The ambassador was tall, very well dressed, and his tan face was crowned with an authoritative swathe of silver hair. His manner was a little stiff, but it seemed to imply formality rather than nervousness. All in all, quite ambassadorial. Nothing like what I'd heard about the guy, which was that he loved heavy-metal music and nearly caused an international incident a few months ago when his neighbor, a high-ranking member of the Syrian political elite, requested he turn the music down and the ambassador, ignoring all diplomatic instincts, just turned it up louder.

But tonight he was all smiles and handshakes and spoke with what they told me was pretty good Arabic.

In the corner of the courtyard was another well-dressed man. He was shorter, lean but solid looking, and wore a steady gaze. This person, who in the manner of those who write about such things I will call a high-ranking official, was generally believed to be a "company man." His milquetoast title at the embassy gave him access to mingle with the Syrian bigwigs (as he was doing tonight), about whom he could file regular dispatches back to his handlers in Langley.

This was as close as I would ever get to a real-life James Bond scene. The women weren't wearing slinky dresses, but most of the other requirements were here in abundance. We had a classy social event (an art opening) in an exotic locale (deep in the old city of Damascus). Our courtyard lay at the center of a 400 year old Ottoman merchant's inn. Dark sky above, a fountain trickling over mosaic tiles below, and arched doorways with plenty of shadow. No vodka-martinis-shaken-not-stirred, but waiters worked the room with silver platters laden with small food. And, most importantly, the vaguely evil menace of a secret-police force lurked everywhere, unseen, hiding just out of frame, but certain to pounce on Bond, or his chick, at any moment.
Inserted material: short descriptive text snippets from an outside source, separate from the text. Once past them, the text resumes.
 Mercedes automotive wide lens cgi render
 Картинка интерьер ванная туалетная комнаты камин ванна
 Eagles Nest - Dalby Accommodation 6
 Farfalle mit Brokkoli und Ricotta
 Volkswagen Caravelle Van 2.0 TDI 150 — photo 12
We were in the capital of Syria, and it didn't take any great stretch of the imagination to see a room full of espionage and intrigue. Syria with its oldness and its exoticness just puts you in that kind of mood.
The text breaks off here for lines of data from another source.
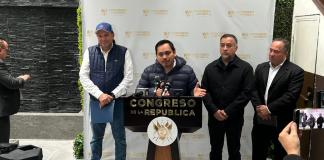 Los tres diputados de la bancada VOS cuestionann la sentencia que puede afectar la asamblea nacional del partido. Foto: La Hora / José Orozco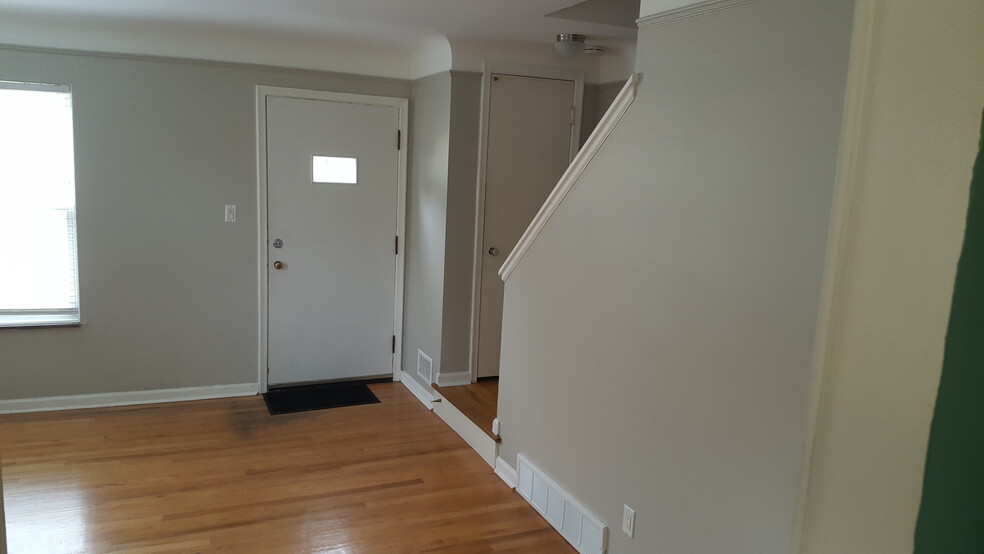 Main Entrance - 320 Parkview Dr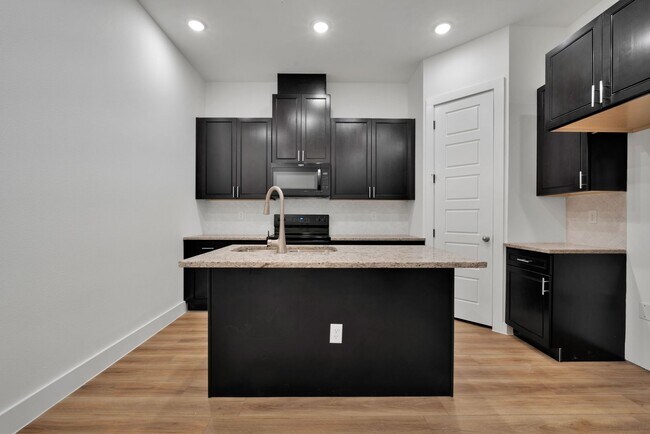 Foto del edificio - 5150 Kelwood St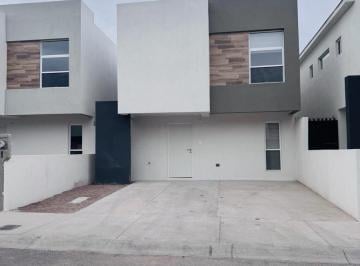 Casa · 1m² · 3 Recámaras · 2 Estacionamientos · Casa en Renta Fracc. Laos, Salida a Aldama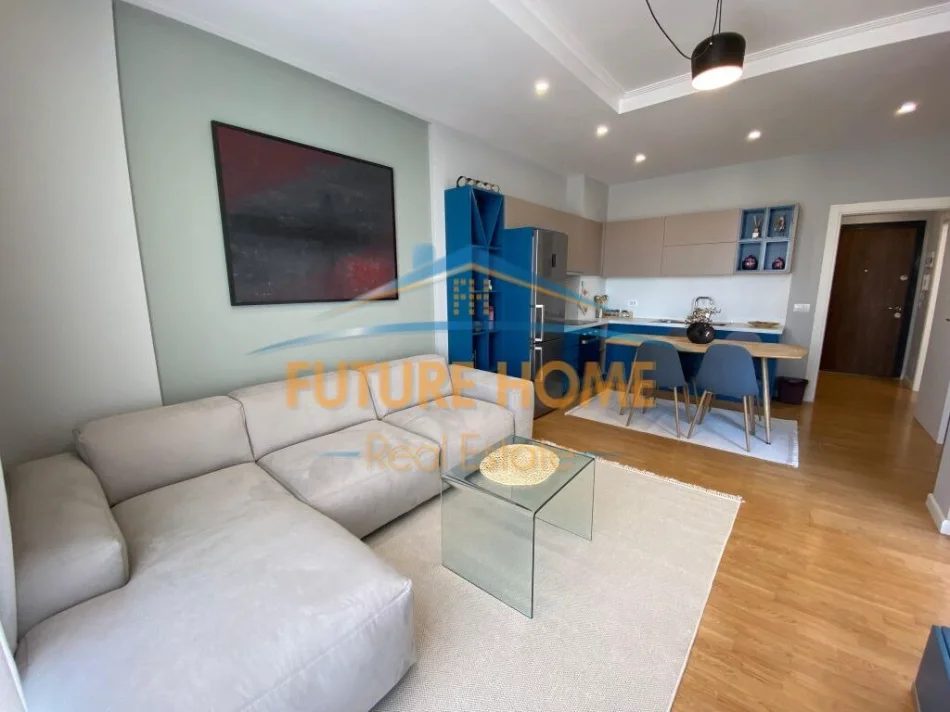 Tirane, jepet me qera apartament 1+1+Ballkon Kati 4, 65 m² 700 € (21 Dhjetori)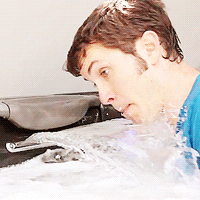 tobiesturner:  Favorite Videos: TRAPPED IN A HOT TUB (x)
In America, Syria is a blank spot on our map. If we hear about it at all, it is undoubtedly something negative: Ayattolah's golfing buddy, Ghadafi's bridge partner, that kind of thing. One certainly never hears anything good about Syria, but usually we just hear nothing at all.

As our bus sped north out of Jordan, Sarah and I didn't really know what to expect. Apparently my face has lost its innocent cherubic glow, because for the first time on this trip I got a real working-over at a border crossing. They didn't search my bags (or my body cavities) but the Syrian officer spent at least 20 minutes examining every inch of every page of my passport. He held it up to the light, he looked at it from different angles. He bent it. He slid his dirty fingernail across the stiching and the covers. Then he did it all over again. Eventually, reluctantly, he graced my passport with the appropriate stamps and we entered the country.

Damascus struck me as a city that had reached a happy medium between the insane crush of Cairo and the bland sterility of the West. It was loud but not too loud, polluted but not sickeningly so. Its sidewalks were packed with vendors and touts, but it also had quiet restaurants and tastefully decorated stores. There were ugly apartment buildings and lovely tree-lined boulevards. Old and new, working pretty well together.

We were here to visit a friend of Sarah's who is living in Damascus for a year studying Arabic. So we don't get her into any trouble, I will call her "Jane." You may think I'm being paranoid, but just three weeks ago a French student was deported for e-mailing a harmless joke about former President Assad to a friend in Paris. She sent it from what she thought was a secure computer at the French Institute, but somehow the mukhabbaret (the secret police) intercepted the message and she was escorted from the country the next day. And in another case, we've just learned that an Italian student we met our first day in Damascus has been barred from re-entering Syria after taking a quick 2-day trip to Turkey to visit friends. She has been at the border now for 36 hours, trying to find out why the mukhabbaret has forbidden her entry.

Foreign students here are warned not to use sensitive words like "Israel" or "Assad" for fear of raising unwanted attention. Most students I've met, especially ones that have been here for a while, refuse to discuss anything even remotely political over the phone, preferring a hushed conversation in a loud coffeehouse if they are to speak at all. In quiet restaurants, taxis, or on the sidewalk you are free to speak about anything at all, as long as it's not about Israel, the ruling Ba'ath party, or the Assad family.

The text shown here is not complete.